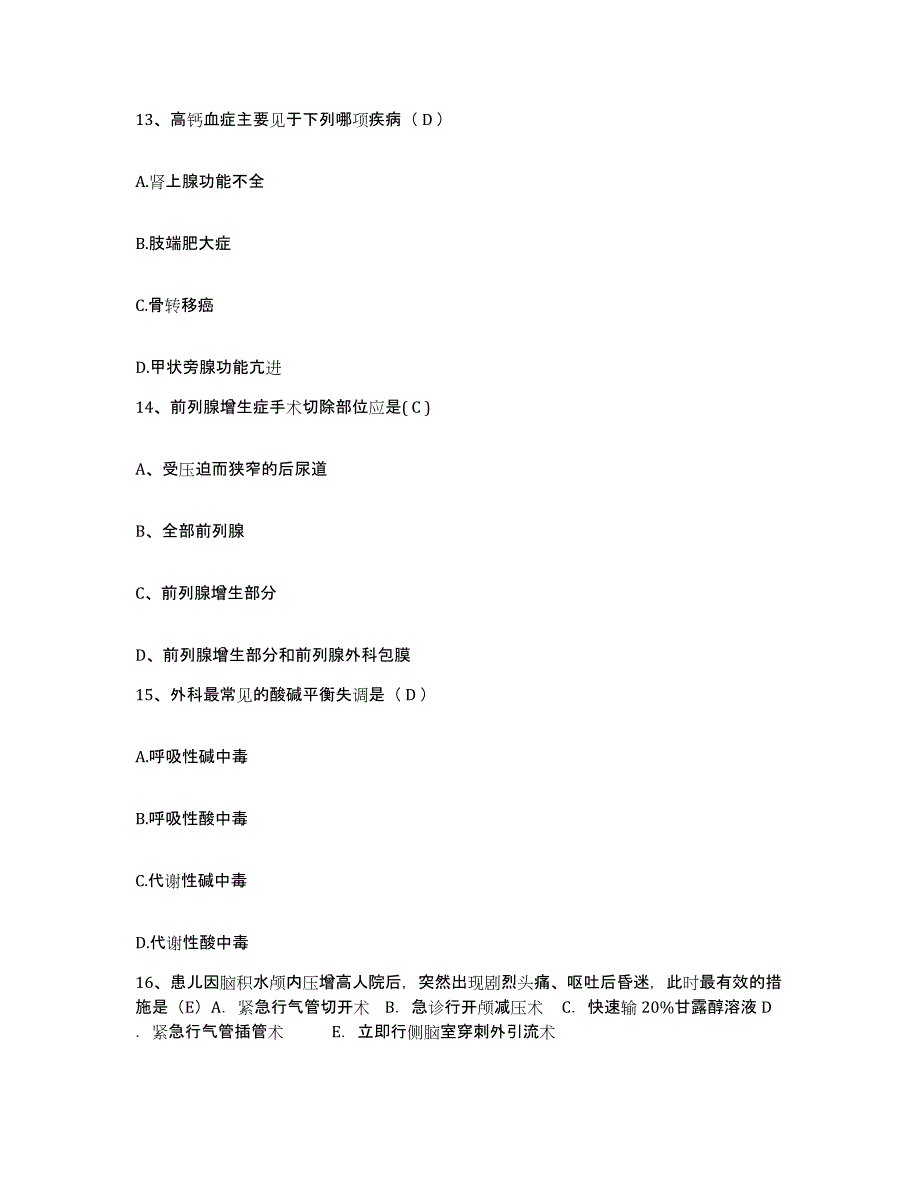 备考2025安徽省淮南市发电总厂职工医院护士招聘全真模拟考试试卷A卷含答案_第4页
::::::
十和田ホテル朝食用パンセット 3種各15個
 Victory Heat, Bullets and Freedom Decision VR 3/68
::::::
Work task
Copy verbatim, from the listing above, each line from the one containing "十和田ホテル朝食用パンセット 3種各15個" down to the one containing "Victory Heat, Bullets", inclusive.

Result of the task
十和田ホテル朝食用パンセット 3種各15個
 Victory Heat, Bullets and Freedom Decision VR 3/68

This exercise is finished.